Kinder der Weltgeschichte - Teil 2

19. und 20. Jahrhundert

Kinder haben viel zu sagen. Davon kann jeder, der welche hat, ein Lied singen. Und sie haben, trotz des körperlich und geistig unausgeschöpften Potenzials auch einiges zu bedeuten. Jedes von ihnen hat eine Persönlichkeit, und bei manchen fällt die größer aus als bei anderen. Wir stellen vier Kinder vor, die Geschichte geschrieben haben: im Sport, in der Politik, in der Wirtschaft.

Iqbal Masih

Wikipedia
Iqbal Masih mit dem Menschenrechtler Ehsan Ullah Khan (linke Bildseite), Bildaufnahmedatum: September 1992

* 1982, in Muridke, Pakistan  + 16. April 1995, in Muridke, Pakistan

 

1992, Punjab, Pakistan: Der 10-jährige Iqbal trifft eine Entscheidung. Dass sie ihn berühmt machen wird und er sie am Ende mit seinem Leben bezahlt, ahnt er nicht. Sein schmächtiger Körper, ausgemergelt und unterernährt, ist den täglichen 14 Stunden Arbeit in der Teppichfabrik nicht mehr gewachsen.

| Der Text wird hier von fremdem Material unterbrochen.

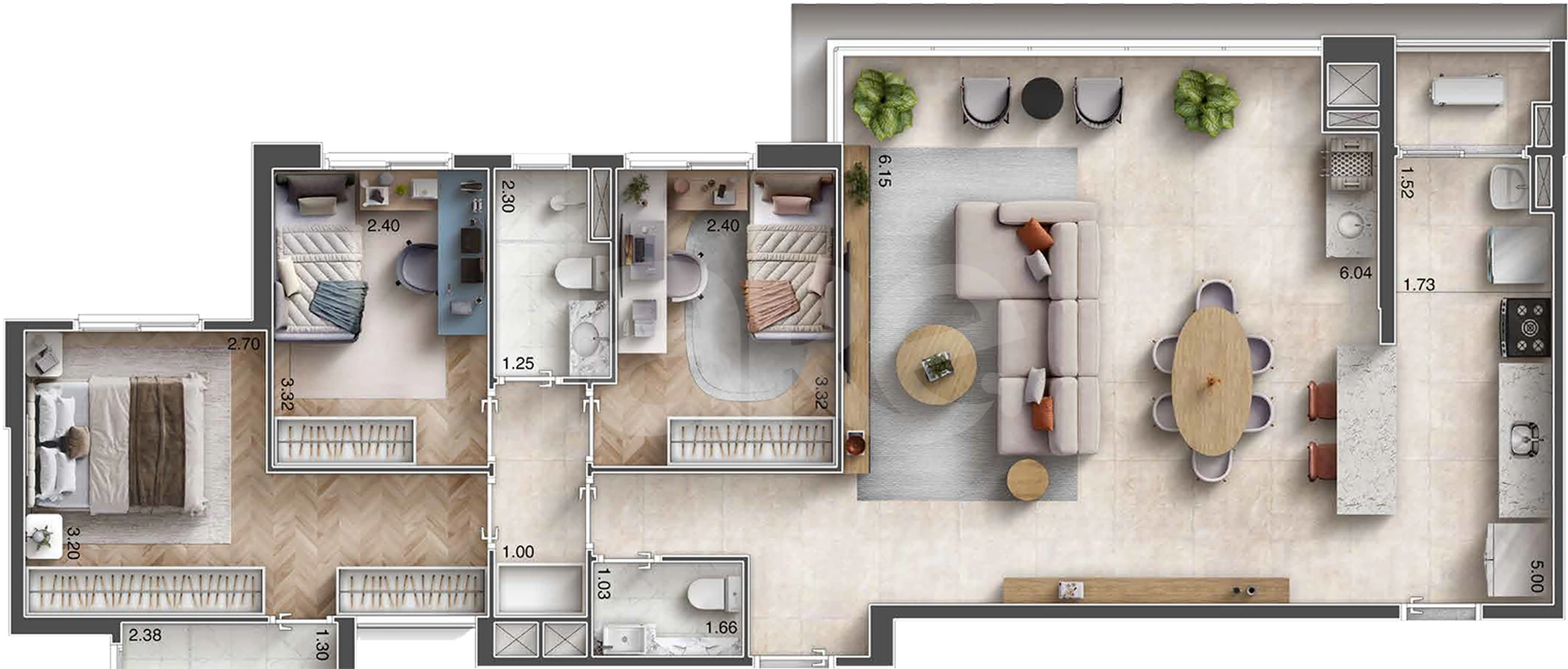 Planta — Apartamento 106 m²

Iqbals Martyrium beginnt sechs Jahre zuvor. Sein Vater verkauft den Vierjährigen an einen Teppichfabrikanten – um Schulden zu begleichen. Von nun an bestimmt der Fabrikant über das Kind. Der kleine Junge knüpft Tag für Tag Teppiche. Er setzt sich zur Wehr, versucht zu entkommen. Prügel ist sein Alltag, während der Arbeit ist er angekettet – aus Iqbal Masih ist ein Sklave geworden.

Als ihm eines Tages zu Ohren kommt, das Oberste Gericht Pakistans habe Zwangsarbeit für illegal erklärt, fasst er den Entschluss, der sein Leben verändert. Iqbal flieht. Der zweite Versuch gelingt. Er kommt in die Obhut einer pakistanischen NGO, die Kinder aus sogenannter Schuldknechtschaft befreit. Iqbal geht in die Schule, er setzt sich für die Freilassung von Kindersklaven ein. Es heißt, er sei an der Befreiung von 3000 Kindern beteiligt gewesen.[3]

Sein Kampf gegen Kinderarbeit und Sklaverei macht ihn berühmt. Iqbal reist in die USA, erhält Menschenrechtspreise, und es scheint, als würde sich in Indien und Pakistan ein wirklicher Wandel abzeichnen. Dann geschieht das Unglück.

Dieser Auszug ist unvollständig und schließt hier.